Nevertheless, several firms, perhaps those who feel more comfortable with their management structures, are expanding geographically from Shanghai and Beijing. Fangda, for example, has opened a Shenzhen office (but doesn't expect many firms to be opening offices in other provinces); Jun He now has offices in Haikou, Shenzhen and Dalian; and King & Wood is in Chengdu, Guangzhou and Shenzhen.
"Opening our offices in Shanghai and Guangzhou was mostly due to strategy," says Susan Ning at King & Wood. "But the Chengdu office, for example, was part strategy, part accident. The idea initially came form a client, and we saw the importance of development in western China." Overall, Ning characterises her firm's geographical expansion as being driven by the market, but makes the point that the firm's strong partnership structure has made expansion more workable.
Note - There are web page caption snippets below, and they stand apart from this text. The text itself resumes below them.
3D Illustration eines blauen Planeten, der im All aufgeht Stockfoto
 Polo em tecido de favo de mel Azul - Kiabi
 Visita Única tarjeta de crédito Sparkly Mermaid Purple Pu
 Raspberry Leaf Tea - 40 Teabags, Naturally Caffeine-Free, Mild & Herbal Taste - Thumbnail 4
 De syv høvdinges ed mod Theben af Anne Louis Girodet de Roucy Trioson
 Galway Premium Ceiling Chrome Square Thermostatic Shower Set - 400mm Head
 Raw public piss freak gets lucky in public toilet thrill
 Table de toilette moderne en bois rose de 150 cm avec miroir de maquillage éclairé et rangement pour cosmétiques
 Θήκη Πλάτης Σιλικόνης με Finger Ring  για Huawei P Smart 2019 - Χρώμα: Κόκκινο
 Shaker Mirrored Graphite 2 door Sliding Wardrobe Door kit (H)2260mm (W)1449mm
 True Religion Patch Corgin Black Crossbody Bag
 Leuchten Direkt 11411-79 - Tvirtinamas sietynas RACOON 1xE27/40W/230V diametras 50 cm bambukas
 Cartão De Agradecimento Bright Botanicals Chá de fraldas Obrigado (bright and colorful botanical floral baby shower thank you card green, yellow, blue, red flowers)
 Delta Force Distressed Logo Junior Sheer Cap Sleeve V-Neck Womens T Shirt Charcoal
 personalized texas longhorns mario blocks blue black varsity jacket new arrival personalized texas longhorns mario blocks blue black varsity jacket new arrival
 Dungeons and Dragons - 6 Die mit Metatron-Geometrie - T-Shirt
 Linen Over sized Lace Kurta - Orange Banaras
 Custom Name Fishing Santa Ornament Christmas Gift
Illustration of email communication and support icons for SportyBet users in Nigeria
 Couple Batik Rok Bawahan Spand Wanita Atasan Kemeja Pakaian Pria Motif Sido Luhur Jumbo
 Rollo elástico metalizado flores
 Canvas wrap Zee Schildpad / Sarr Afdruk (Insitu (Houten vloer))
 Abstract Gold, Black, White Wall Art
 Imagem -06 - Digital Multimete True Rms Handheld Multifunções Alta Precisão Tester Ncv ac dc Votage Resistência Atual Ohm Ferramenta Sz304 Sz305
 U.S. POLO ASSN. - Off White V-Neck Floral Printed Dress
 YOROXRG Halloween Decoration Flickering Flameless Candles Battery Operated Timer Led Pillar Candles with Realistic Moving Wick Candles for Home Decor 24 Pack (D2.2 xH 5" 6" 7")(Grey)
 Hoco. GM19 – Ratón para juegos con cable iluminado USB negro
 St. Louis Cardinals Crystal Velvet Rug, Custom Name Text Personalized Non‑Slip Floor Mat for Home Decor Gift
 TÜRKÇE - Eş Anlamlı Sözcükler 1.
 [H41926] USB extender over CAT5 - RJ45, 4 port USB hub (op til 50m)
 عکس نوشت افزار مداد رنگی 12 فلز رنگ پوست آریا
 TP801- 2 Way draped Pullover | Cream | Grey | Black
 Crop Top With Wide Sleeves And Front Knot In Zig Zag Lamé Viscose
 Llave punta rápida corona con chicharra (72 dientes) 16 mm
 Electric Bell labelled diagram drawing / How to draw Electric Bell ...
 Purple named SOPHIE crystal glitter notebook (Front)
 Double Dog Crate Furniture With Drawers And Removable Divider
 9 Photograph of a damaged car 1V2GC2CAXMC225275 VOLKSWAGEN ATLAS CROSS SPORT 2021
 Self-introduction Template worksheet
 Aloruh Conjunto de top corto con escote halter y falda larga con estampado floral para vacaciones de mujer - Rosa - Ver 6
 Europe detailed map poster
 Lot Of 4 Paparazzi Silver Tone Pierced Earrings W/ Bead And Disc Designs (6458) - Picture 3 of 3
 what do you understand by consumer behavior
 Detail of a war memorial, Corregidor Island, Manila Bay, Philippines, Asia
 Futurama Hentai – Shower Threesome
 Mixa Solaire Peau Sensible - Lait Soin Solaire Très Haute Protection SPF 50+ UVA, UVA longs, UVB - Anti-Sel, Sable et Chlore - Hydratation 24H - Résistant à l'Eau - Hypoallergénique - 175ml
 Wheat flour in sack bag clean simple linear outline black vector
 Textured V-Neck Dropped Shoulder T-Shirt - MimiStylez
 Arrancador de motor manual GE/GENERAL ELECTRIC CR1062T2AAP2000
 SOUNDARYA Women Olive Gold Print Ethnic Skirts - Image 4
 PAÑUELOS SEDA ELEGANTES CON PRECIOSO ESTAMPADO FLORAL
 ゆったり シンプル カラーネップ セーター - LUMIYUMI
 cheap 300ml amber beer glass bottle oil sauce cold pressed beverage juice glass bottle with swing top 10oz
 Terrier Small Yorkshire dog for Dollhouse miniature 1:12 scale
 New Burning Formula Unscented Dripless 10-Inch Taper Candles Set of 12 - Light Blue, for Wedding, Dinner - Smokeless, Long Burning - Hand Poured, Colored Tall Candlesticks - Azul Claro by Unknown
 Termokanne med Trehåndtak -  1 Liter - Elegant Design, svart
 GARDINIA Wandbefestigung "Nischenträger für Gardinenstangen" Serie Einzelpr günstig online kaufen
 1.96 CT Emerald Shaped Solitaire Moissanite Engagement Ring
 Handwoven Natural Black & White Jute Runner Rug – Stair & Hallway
There is also the question of to what extent offices outside Beijing and Shanghai are actually necessary. Zhou at Fangda reports that half his firm's lawyers are, at any given time, on the road working on projects anywhere from a few miles outside the city to thousands of kilometers away in China's emerging western provinces. And while several in-house lawyers emphatically expressed a preference for using litigators based in the locality of where the proceedings are taking place, Lewis at Lovells reports from his time in-house at Nortel successfully employing trusted Beijing litigators right around the country - or at least letting them make the decision, where local connections were vital, to refer the work. This having been said, one in-house lawyer tells ALB: "The more offices a firm has, the better - they must have both a Shanghai and a Beijing office as a minimum."
And as a final piece of context, consider that to have a presence in every province in China, a firm would need around 30 offices, some of them catering for provincial populations of almost 100 million.